The melodramatic framing device only distracts from the crystalline precision with which Munaweera (Island of a Thousand...

This family tragedy begins in a prison cell, where the unnamed narrator wants to explain her (also unnamed) crime by telling her life story, from birth and childhood in Sri Lanka to adolescence and young adulthood in California.
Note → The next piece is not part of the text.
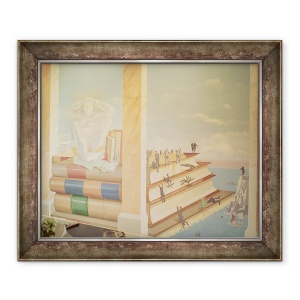 Tablou inramat - Lincoln Seligman - Lenes legal si mandrie, 70 x 85 cm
The narrator’s father, a professor from an upper-class family, married her beautiful but poor mother in the early 1970s, when he was 29 and she only 17. The narrator, born a year later after a difficult delivery that left her mother unable to bear more children, feels the pressure of being the center of her parents’ lives. In glorious detail she describes the lush beauty of her childhood home, the flavors of the food, the love she feels from cousins and schoolmates. But her nostalgic memories also contain fear, dread, and confusion. Her mother veers from doting to withdrawn to hostile. Her father mopes and drinks. And then there's Samson the gardener: is he a source of protection or threat? She's not completely sure, but she has dreams of dangerous sexuality. After an altercation shortly before the narrator’s 14th birthday, her father drowns and Samson goes missing. The narrator and her mother leave Sri Lanka for California, where the immigrant teenager struggles to fit in but also shares moments of genuine joy and intimacy with her Americanized cousin Dharshi. Then there's the glorious spiraling love the narrator shares with Daniel, a white artist from West Virginia. The exuberance of the narrator’s memories are undercut by repeated warnings that the ending will be unhappy and by overwrought teasers concerning the murkily described evils that have supposedly caused the narrator’s own unspoken, unspeakable behavior.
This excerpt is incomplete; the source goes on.